Monday, September 24, 2007

Pushmepullyou

I was having a talk at an event this last weekend with a friend who is also a member of the group that hosted the event. We limit attendance to 400 people. We feed them at this event and provide several live bands... this is a big event that requires TONS of coordination - all from volunteers who care about this event that we have now hosted for 12 years.

Our conversation had to do with him not knowing what was going on with meals, and my response was "well... I put it on the forum days ago that I was making food for Friday night for everyone," and his response was "I don't use that. I like my information pushed to me, not where I have to go pull it." I am the exact opposite.... I cannot stand getting tons of emails that have little to do with me. I want the info somewhere that I can easily get to to find it when I need it, and not sort through a barrage of stuff that clogs my mailboxes with everyone "replying to all" when really not all need to know their response, etc. I am a user of forums/discussion boards and not a lover of list serves or yahoo group-type arrangements for information sharing. I am about maxed out on all of it though.
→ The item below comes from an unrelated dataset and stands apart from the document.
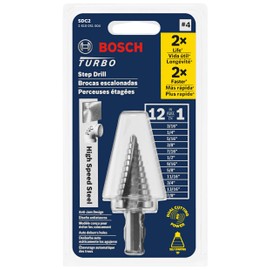 BOSCH SDC2 3/16 In. to 7/8 In. High-Speed Steel Turbo Step Drill Bit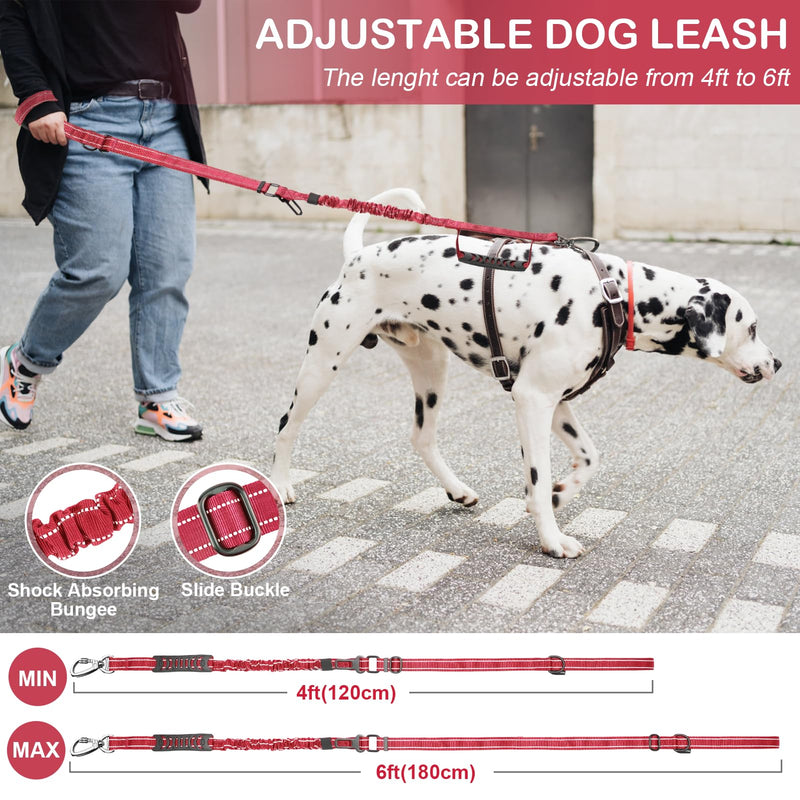 Tactical Dog Leash Heavy Duty, 4-6FT Shock Absorbing Bungee Dog Leash, Reflective Military Strong No Pull Dog Leash with 2 Padded Handle and Car Seatbelt for Medium Large Dogs, Red - PawsPlanet Australia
I manage a portion of a website, have 3 email address accounts to deal with, numerous websites that I constantly glean info from for work, multiple discussion boards and blogs that I haunt, various newsletters that are "pushed" at me via email, a new forum I am trying to get up and running for PSD, and now I need to manage a facebook and/or myspace page for PSD work as well - probably both brands and probably more than one of each for different populations. And I am not even keeping up with all of the many forms that are being used currently and I don't use lots of these very well either. I am suffering from information overload ... too much coming at me and too much that I am trying to disperse. And good old analog technology... I have at least three phone meetings every month, and three committee meetings to attend in person.

And this is the kind of thing we are asking of our volunteers as well. How much of a spiritual home are we providing when we are practically deluging them, and our staff, with so much? It has almost gotten to where Sunday mornings are the slow portion of my work where I just have people wanting my attention in person, not in every form of technology I can think of as well.